The URL for each sample dataset is included along with a name to assign to the variable. 
(Hint: you can use the same function as above, but may need to update the `sep =` argument)

- URL: https://raw.githubusercontent.com/fredhutchio/R_intro/master/extra/clinical.tsv, object name: example1
- URL: https://raw.githubusercontent.com/fredhutchio/R_intro/master/extra/clinical.txt, object name: example2

Importing data can be tricky and frustrating. 
However, if you can’t get your data into Python, 
you can’t do anything to analyze or visualize it. 
It’s worth understanding how to do it effectively to save you time and energy later.

Now that we have data imported and available, 
we can print a summary of all column names, number of entries, data types, and non-null values:

In [17]:
# print summary
clinical_df.info() 

<class 'pandas.core.frame.DataFrame'>
RangeIndex: 6832 entries, 0 to 6831
Data columns (total 20 columns):
primary_diagnosis              6793 non-null object
tumor_stage                    6793 non-null object
age_at_diagnosis               6718 non-null float64
vital_status                   6793 non-null object
morphology                     6793 non-null object
days_to_death                  2187 non-null float64
state                          6793 non-null object
tissue_or_organ_of_origin      6793 non-null object
days_to_birth                  6718 non-null float64
site_of_resection_or_biopsy    6793 non-null object
days_to_last_follow_up         5714 non-null float64
cigarettes_per_day             1171 non-null float64
years_smoked                   448 non-null float64
gender                         6793 non-null object
year_of_birth                  6662 non-null float64
race                           6793 non-null object
ethnicity                      6793 non-null object
yea

The output above highlight another of the key features of `pandas`:
it interprets data in ways that make it easier to analyze.

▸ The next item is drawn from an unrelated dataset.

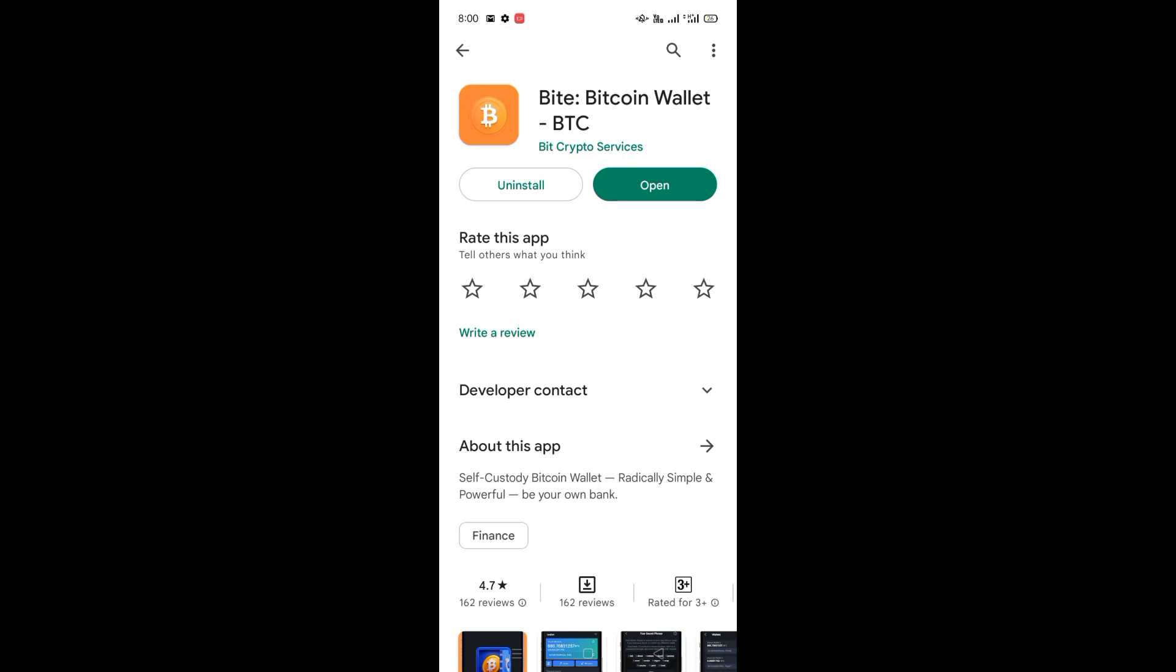First of all, you have to install this app from Play Store. Its name is Byte Bitcoin Wallet.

The description at the top of this output,
`pandas.core.frame.DataFrame`,
describes the data structure as a data frame,
which is how `pandas` interprets spreadsheet style data.
Directly below that line,
we see a note that there are 6832 observations (rows, or our case, patients or cases),
as well as 20 columns.
A summary of the data type for each column is below.

In the last lesson,
we discussed data types built into Python.
`pandas` features the following data types specific to its package,
which were implemented in our data:

- `object` data in `pandas` represents string (character) data in native Python
- `float64` is still float data (the `64` references 64 bit hardware)
- `int64` in `pandas` isn't represented in our data, but refers to integer data 
- `datetime64` from `pandas` also isn't shown here, but refers to a specific format to make working with date and time data easier. 

> To create a list in a markdown cell, 
use an asterisk (`*`) or dash (`-`) followed by a space;
these will be rendered as bullet points when you execute the cell.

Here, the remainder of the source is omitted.